莫驚樓蹺著二郎腿坐在桌旁:“花姐說得有理,您還是等小師妹回來,看她怎麽說吧。”

衛小別好容易被好友勸住了,又想起另一件更重要的事情:“驚樓,你剛才說,那些京城派來的刺客劫走阿枝後,阿枝為了脫身在他們麵前動手了?”

“出刀了。”

“那他們都死光了嗎?”

“死了啊!”莫驚樓摸著下巴回想了一下,“我和小師妹一起殺的!確認了最後都斷了氣!”

之後追上來的是第二波,還有追殺那個大太監的,並沒有看到小師妹動手。

想著想著,莫驚樓臉色突然一變。

——他確實是確認每個人都斷了氣,卻忘了其中一個人,出身萬機樓。

柴一錯。

這人本是萬機樓老樓主親自教出來的得力弟子,隻是站錯了隊,在門派勢力更迭後被新樓主趕盡殺絕,好不容易逃出來,成了除名的棄徒。
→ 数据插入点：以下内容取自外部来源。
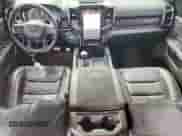 2023 Ram 1500 TRX z VIN 1C6SRFU94PN536609, wystawiony jako Copart lot #86865605 z przebiegiem 24 713 mil mil oraz Czysty tytuł • Clean title. Historia ofert i sprzedaży dostępna na DreamBid. Obrazek 8.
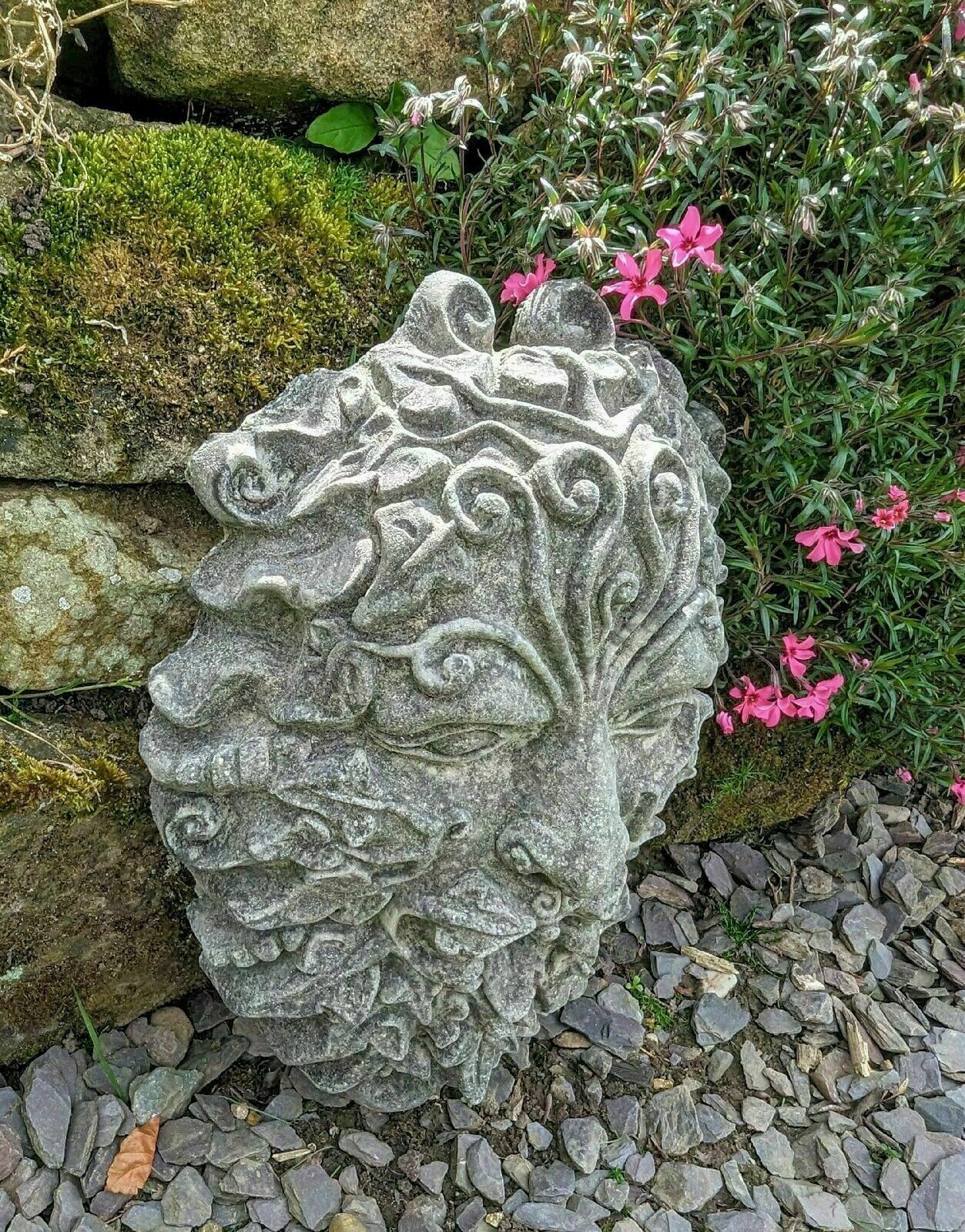 Isca Greenman Vintage Garden Ornemant Face English Stone 0069. photo for sale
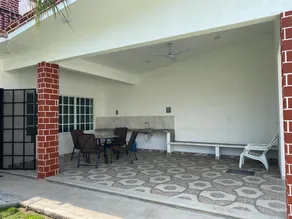Rosalez Morelos House - Image 5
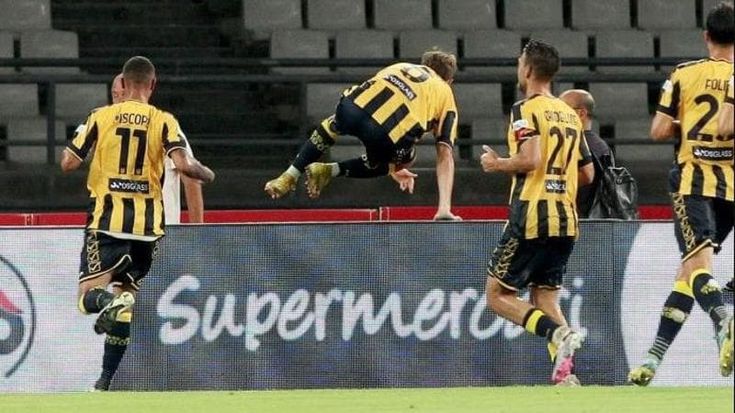 Serie B: colpo della Juve Stabia a Bari, la Salernitana vince in rimonta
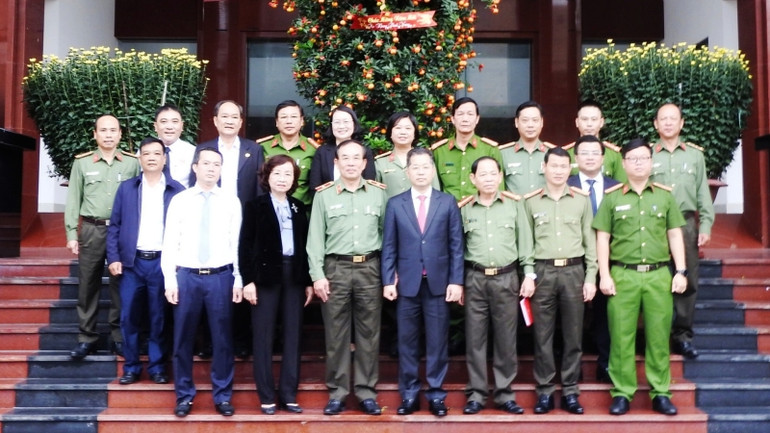 Đồng chí Nguyễn Văn Quảng, Bí thư Thành ủy Đà Nẵng thăm, chúc Tết lực lượng Công an thành phố Đà Nẵng.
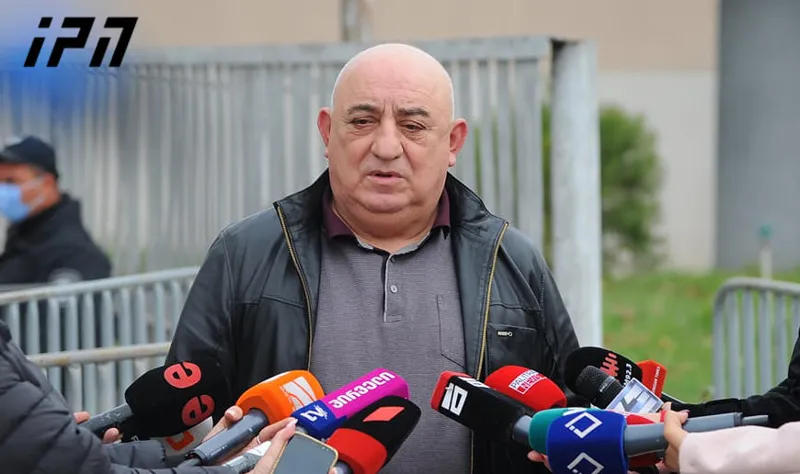 დავით მიქაძის ადვოკატი - მუდმივ მცდელობაში არიან რაიმე სახით ცეცხლსასროლი იარაღი „ჩაუდონ“ - იცით რატომ? გელა უძილაურის საქმეში ძმები მიქაძეების მონაწილეობამ სრული ფიასკო განიცადა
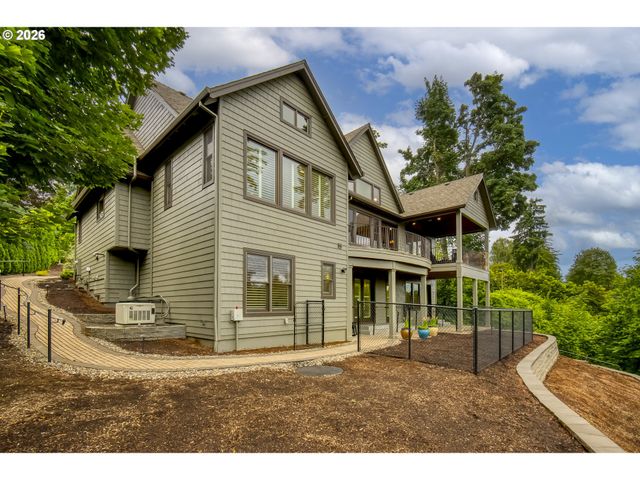 958 S VACUNA St, Portland, OR 97219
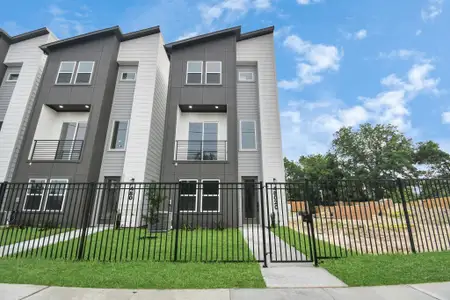 New construction Single-Family house 4802 Elysian St, Unit C, Houston, TX 77009 - image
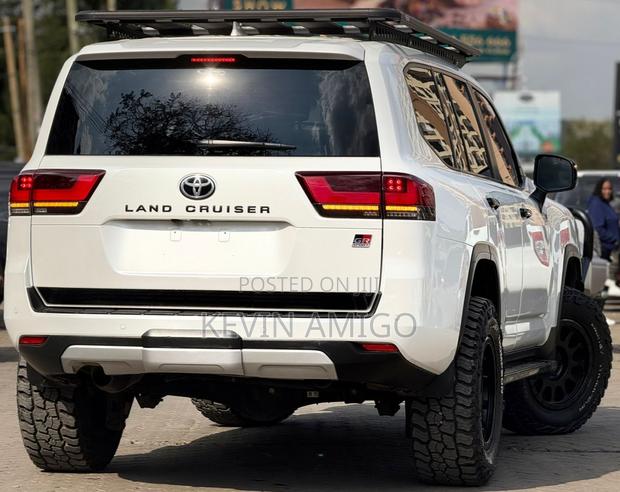 Toyota Land Cruiser LC300 2022 White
後來,他為了生存接了許多朝廷各房的暗令,和同樣以此謀生的莫驚樓相識。兩人有著同樣的仇敵,有緣之下又好幾次接下同樣的任務,幹脆結成個臨時的搭檔。

隻是這人和他殺人雖然有默契,性子卻屬實說不到一塊,平日裏倒是能插科打諢地混個伴,實際上心裏都沒把對方當作真兄弟。

否則他也不會在自己被師妹挾持住的時候,視若無睹;自己也不會在發現師妹身份的時候,立即反水殺了他。

他們本來就是為了利益暫時勾結在一起而已。

“萬機樓秘法,縮骨匿身之術,假死脫身之法。”衛小別聽完他的話,臉色越來越難看。

花想容也反應過來:“明天我就讓我的人去找這個柴一錯,一定會確認他是不是真得死了!”

這個人既然是楊家派去的,若是沒有死,在任務失敗的情況下,為了給主家一個交代,就定會拿這個疑點將功補過。

太子府病歪歪的郡主,卻會武功,這怎能不讓人生疑?

“不,現在最重要的不是他。”衛小別睜開眼睛,“是要讓牢裏的楊甫忱,再也開不了口。”

花想容斷然否決:“不行!楊家如今是朝廷重犯,經過之前幾件發生在天牢的意外,大理寺和刑部層層關押更加嚴格。

本來楊家籠中困獸,已經和外界失去聯係,還能躲過一劫。郡主習武,也可以用自幼體弱,強身健體防身來遮掩。

但你一旦動手被發現,隻會招來更大的麻煩!”

到那個時候,就不僅僅是一個郡主會武功的事情了。